### What this task involves
Every line from the one with "Capybara Queen mug 330ml" up to and including the one with "FIX DJI OSMO RED LIGHT ERROR NO FUNCTION" is to be output exactly as it appears below; pictures are not.

Crawled caption data
□ □ □ □ □ □ □
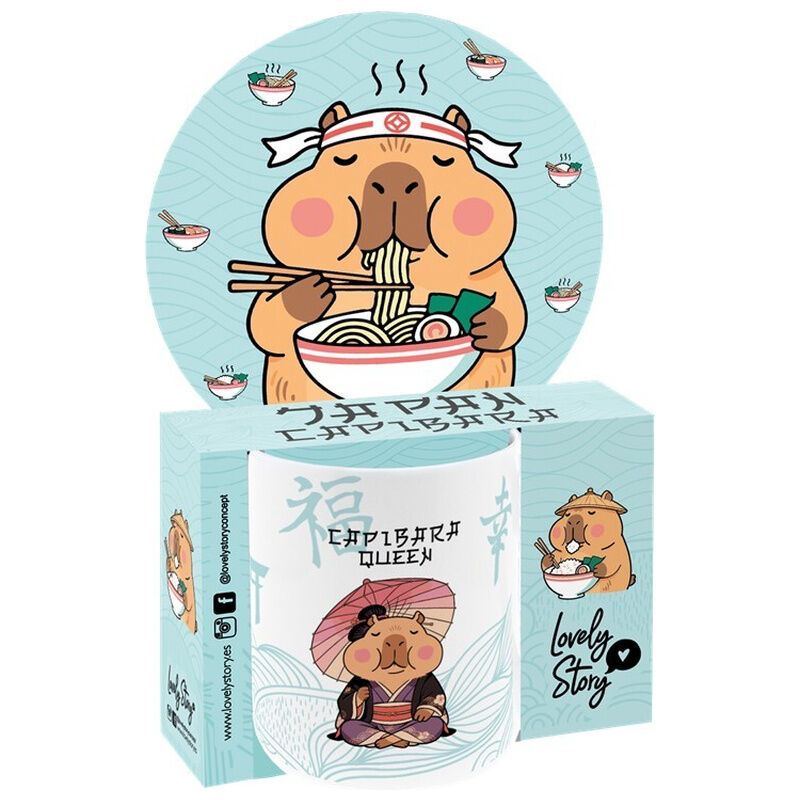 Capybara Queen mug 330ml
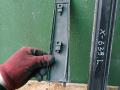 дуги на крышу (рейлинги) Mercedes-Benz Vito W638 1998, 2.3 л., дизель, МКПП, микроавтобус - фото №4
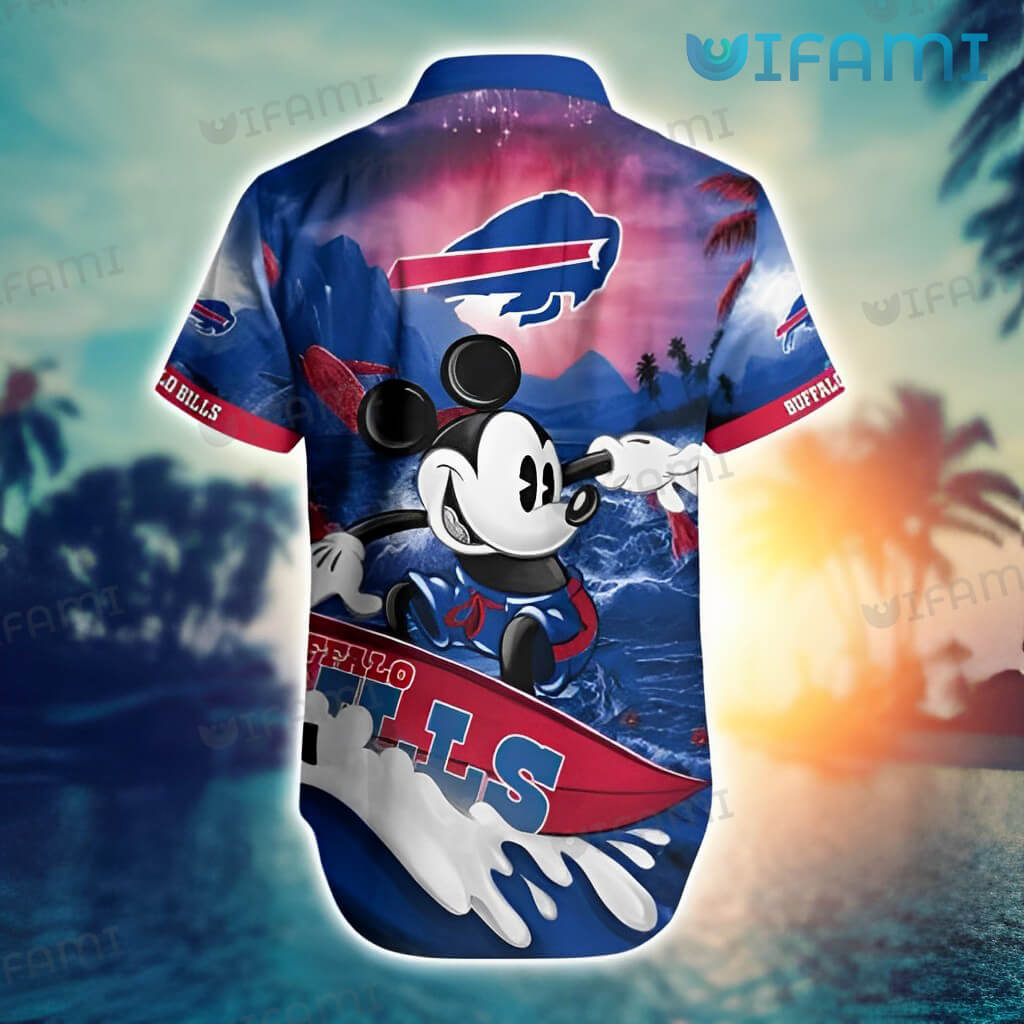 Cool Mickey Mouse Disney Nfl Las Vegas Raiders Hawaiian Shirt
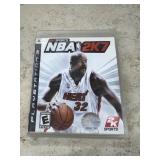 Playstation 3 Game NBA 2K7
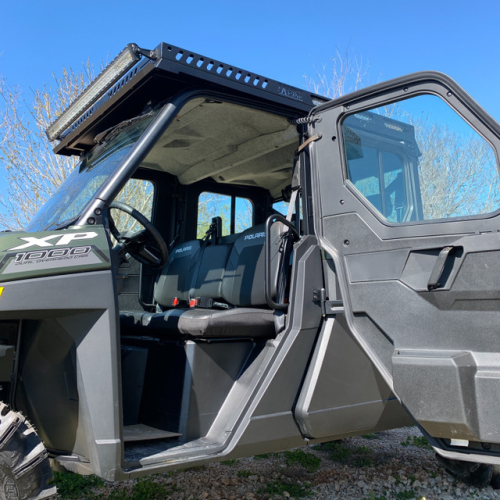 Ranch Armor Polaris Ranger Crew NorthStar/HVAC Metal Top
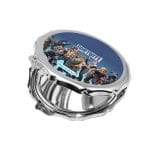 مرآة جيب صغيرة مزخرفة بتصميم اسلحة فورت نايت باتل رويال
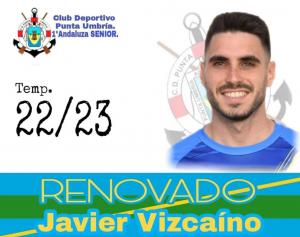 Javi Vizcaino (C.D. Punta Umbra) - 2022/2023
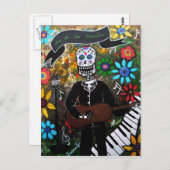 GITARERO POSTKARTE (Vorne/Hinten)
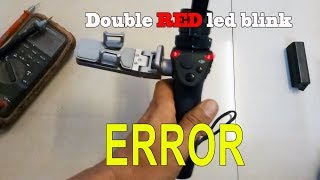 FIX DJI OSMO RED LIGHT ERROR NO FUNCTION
□ □ □ □ □ □ □
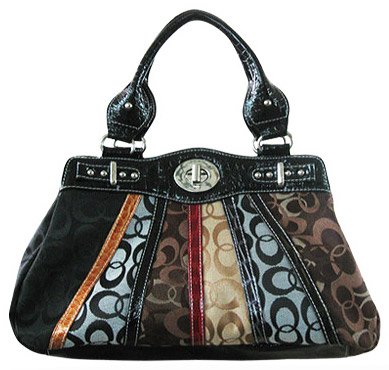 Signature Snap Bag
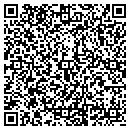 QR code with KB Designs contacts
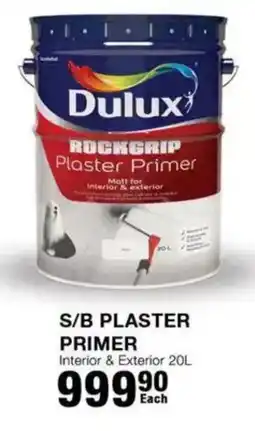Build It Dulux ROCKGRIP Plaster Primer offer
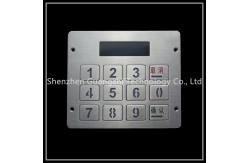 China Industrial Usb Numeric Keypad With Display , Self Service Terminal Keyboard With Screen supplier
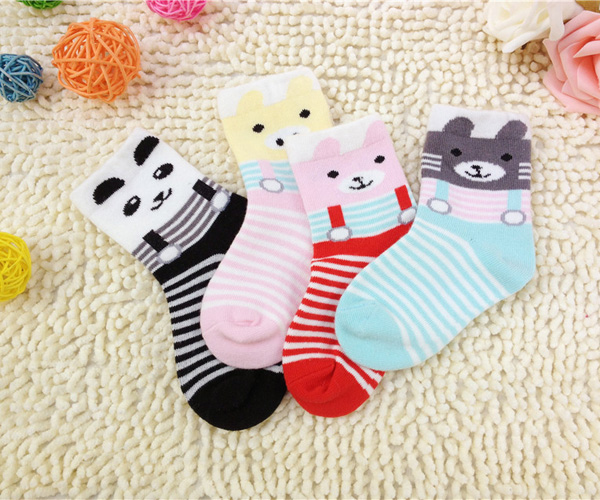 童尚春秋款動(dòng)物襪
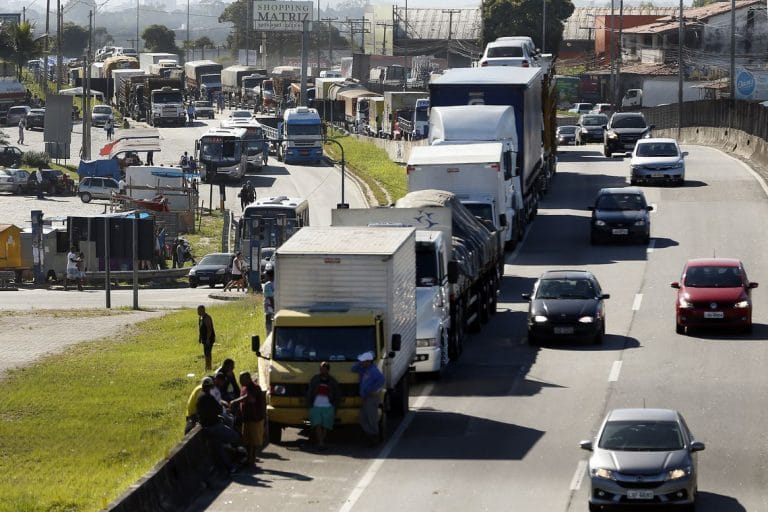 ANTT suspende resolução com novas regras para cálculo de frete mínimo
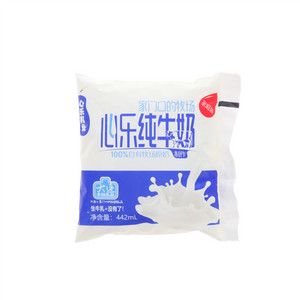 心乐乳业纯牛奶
□ □ □ □ □ □ □
### Reply to the exercise
 Capybara Queen mug 330ml
 дуги на крышу (рейлинги) Mercedes-Benz Vito W638 1998, 2.3 л., дизель, МКПП, микроавтобус - фото №4
 Cool Mickey Mouse Disney Nfl Las Vegas Raiders Hawaiian Shirt
 Playstation 3 Game NBA 2K7
 Ranch Armor Polaris Ranger Crew NorthStar/HVAC Metal Top
 مرآة جيب صغيرة مزخرفة بتصميم اسلحة فورت نايت باتل رويال
 Javi Vizcaino (C.D. Punta Umbra) - 2022/2023
 GITARERO POSTKARTE (Vorne/Hinten)
 FIX DJI OSMO RED LIGHT ERROR NO FUNCTION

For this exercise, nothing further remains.